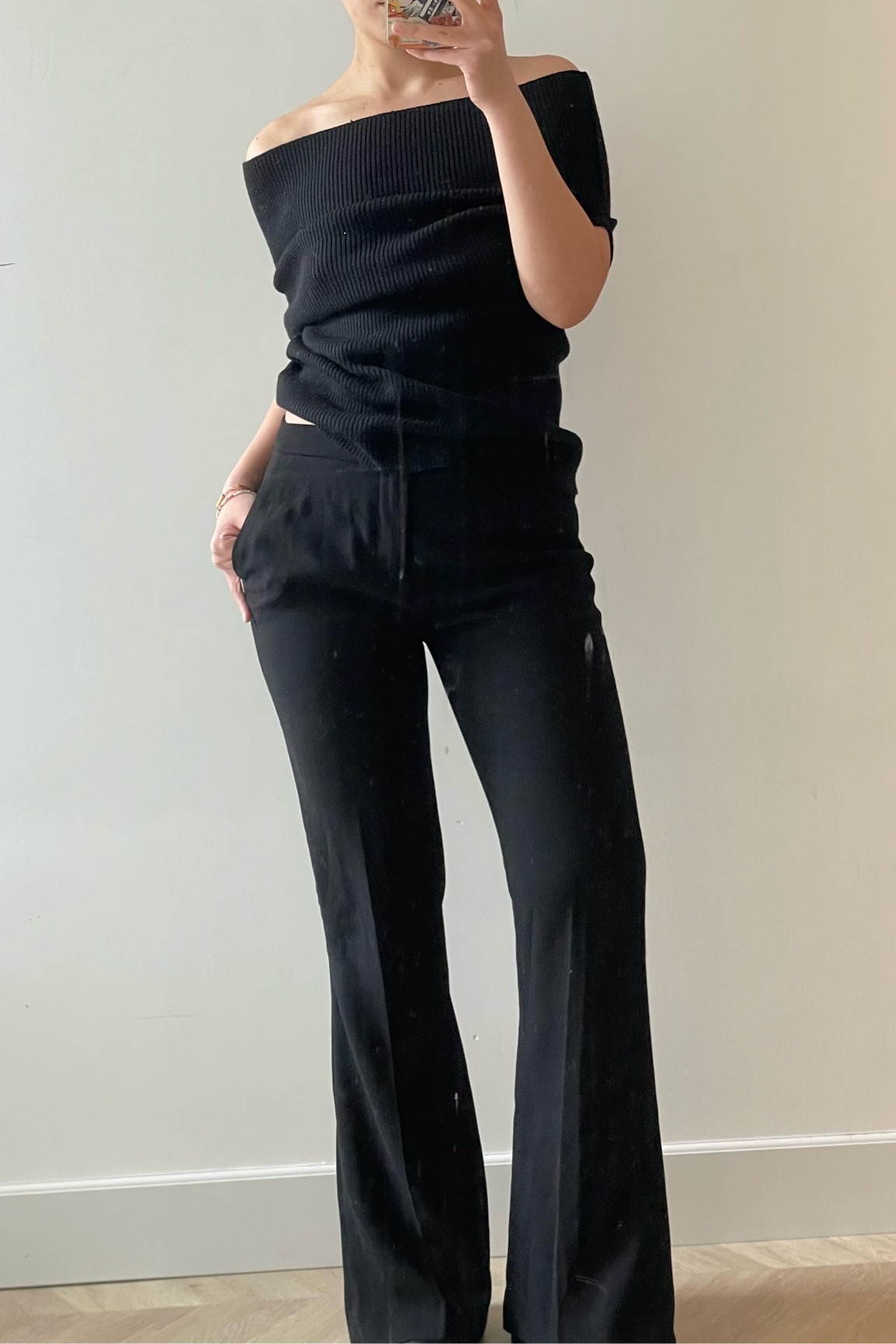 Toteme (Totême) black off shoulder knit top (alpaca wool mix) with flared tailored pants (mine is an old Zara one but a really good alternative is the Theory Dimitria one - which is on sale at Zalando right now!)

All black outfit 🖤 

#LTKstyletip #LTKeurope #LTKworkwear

────────────────

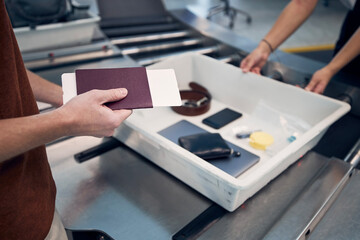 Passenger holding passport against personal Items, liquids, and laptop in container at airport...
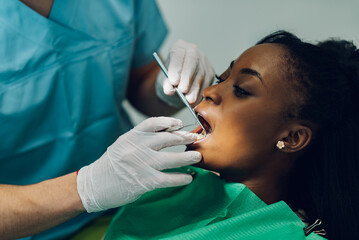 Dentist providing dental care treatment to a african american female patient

────────────────

WHAT THE TASK REQUIRES:
Within the material above, output exactly the lines from the one with "All black outfit 🖤" through the one with "#LTKstyletip #LTKeurope #LTKworkwear", end lines included, and nothing besides.

RESPONSE BOX:
All black outfit 🖤 

#LTKstyletip #LTKeurope #LTKworkwear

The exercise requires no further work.